Over the course of less than 18 months, I got pregnant four times and lost all four, including an ectopic pregnancy that nearly ended in an emergency hysterectomy. We did three rounds of unbelievably costly and emotionally draining IVF. The heartache was unreal. Our bills are through the roof. But then, in December 2013, that little plus-sign appeared on a stick. 50-some doctors appointments, 20-some ultrasounds and 40 weeks of being a high-risk pregnancy later, Sikora Grace Housenick arrived.
Her first name has you wondering: where did this couple come up with that?
I believe Sikora is here courtesy of my Yaya, who, prior to getting married, was Helen Sikora.
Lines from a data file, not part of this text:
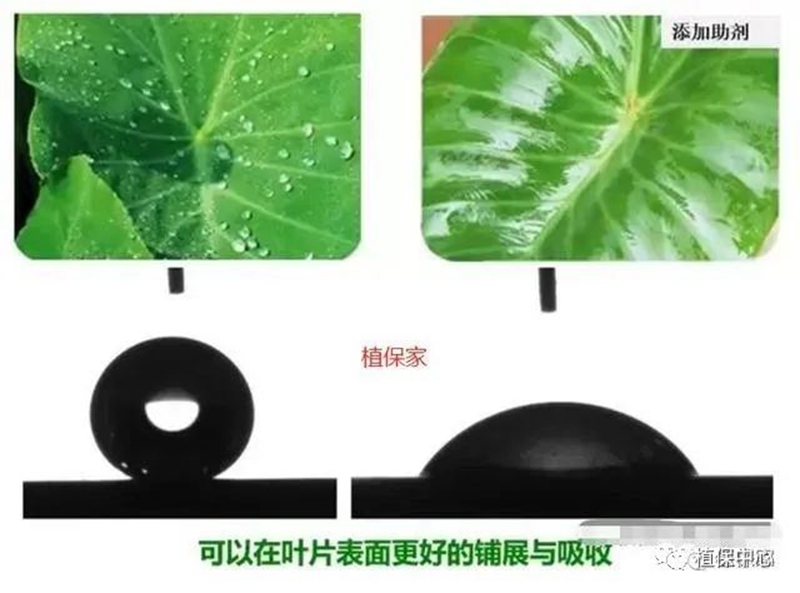 農藥成分和含（hán）量一模一樣，為啥效果差別那麽（me）大？(圖2)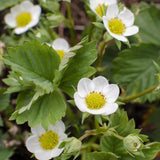 Capsun Mara Des Bois, cu fructe dulci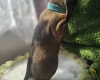 Dachshund (Miniature Smooth Haired)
My daughter, who fought so hard to get here, is named after someone else who fought so hard to stay here. So it seemed only fitting to name her after my Yaya.
There was no pink ribbon when my Yaya was fighting, no forums to chat in with other women, no blogs in which she could ask questions. But she had hope because she believed there's always hope. And we are hoping these breast cancer awareness cards can provide, if nothing else, a little hope for those who are fighting today.